Task brief:
Print the listing below only from the line that has "Ngũ Cốc Lạc Lạc - Dinh Dưỡng Cho Mẹ Và Bé" through the line that has "This Is My Pawjamas", exactly, and drop any picture.

Data extracts:
_ _ _ _ _

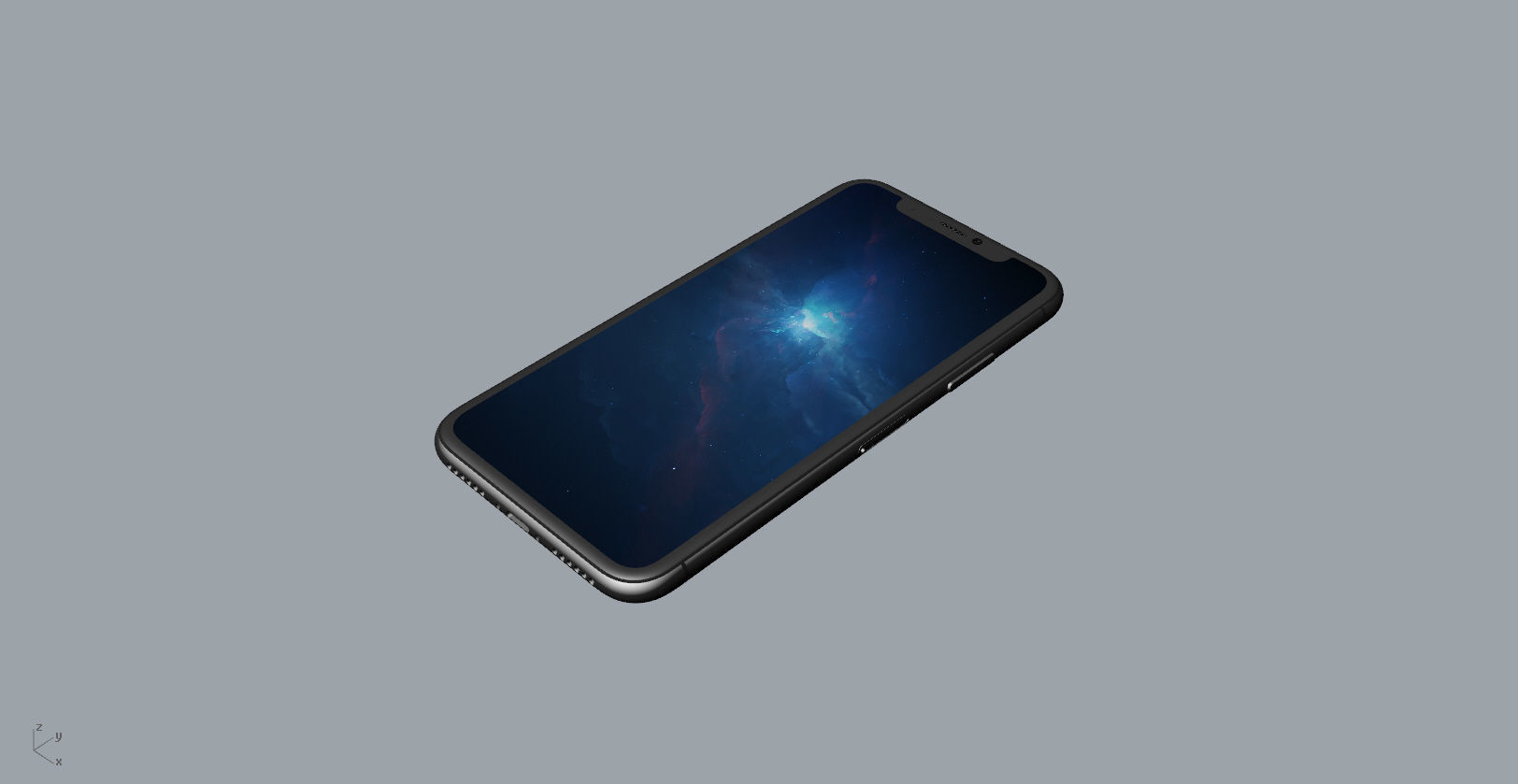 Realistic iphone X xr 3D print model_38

_ _ _ _ _

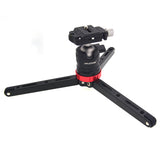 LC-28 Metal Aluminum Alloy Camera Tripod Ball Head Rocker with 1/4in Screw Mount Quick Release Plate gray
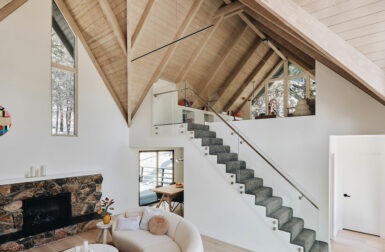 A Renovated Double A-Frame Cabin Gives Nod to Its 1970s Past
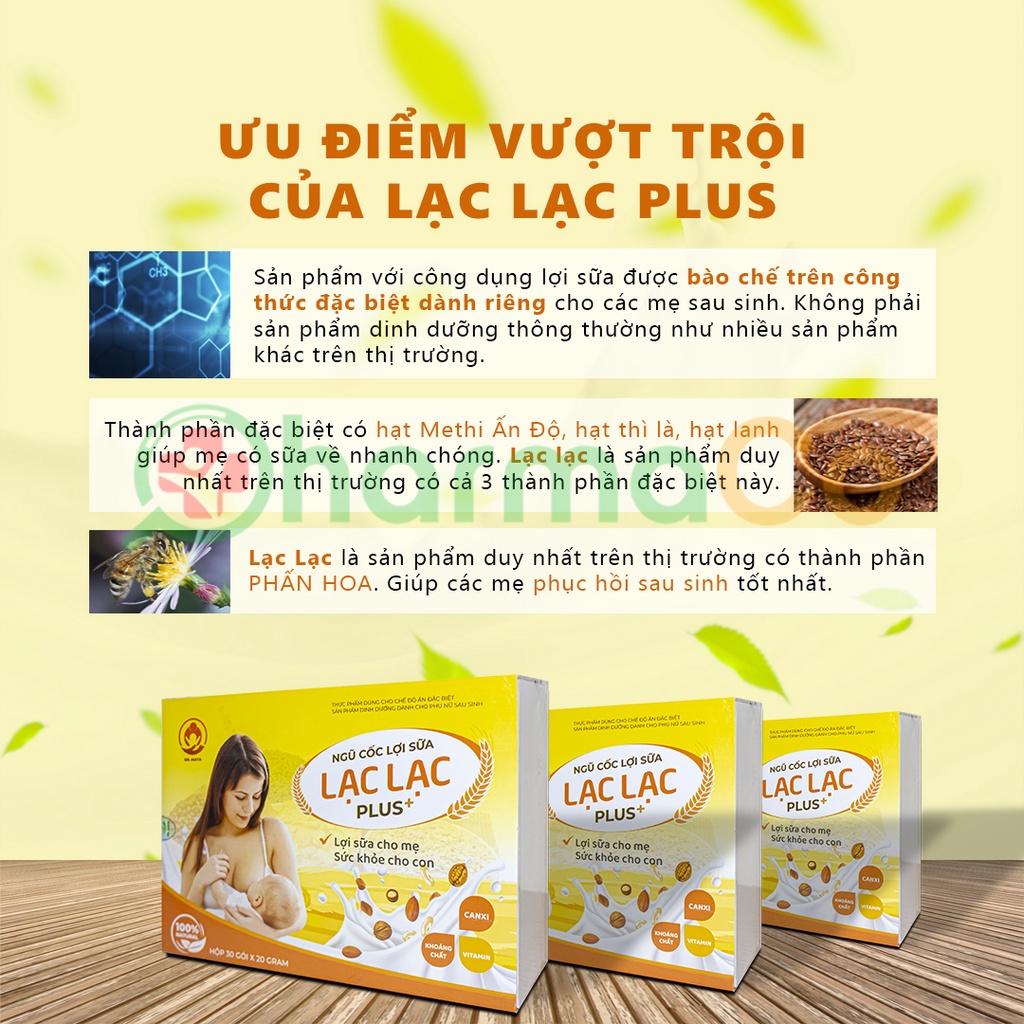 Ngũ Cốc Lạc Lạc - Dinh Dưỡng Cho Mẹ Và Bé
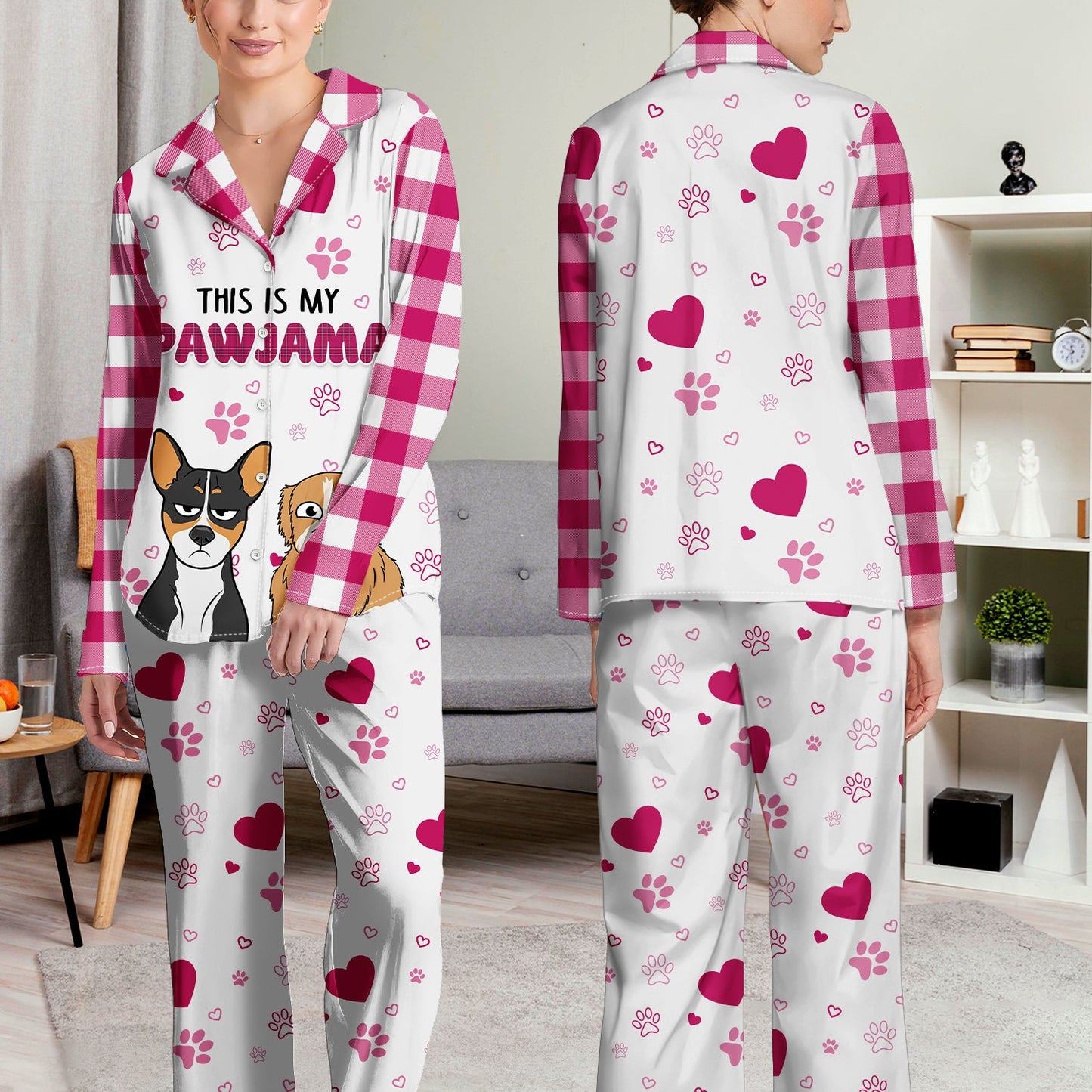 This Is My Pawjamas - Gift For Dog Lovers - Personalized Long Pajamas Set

_ _ _ _ _

Problem solution:
 Ngũ Cốc Lạc Lạc - Dinh Dưỡng Cho Mẹ Và Bé
 This Is My Pawjamas - Gift For Dog Lovers - Personalized Long Pajamas Set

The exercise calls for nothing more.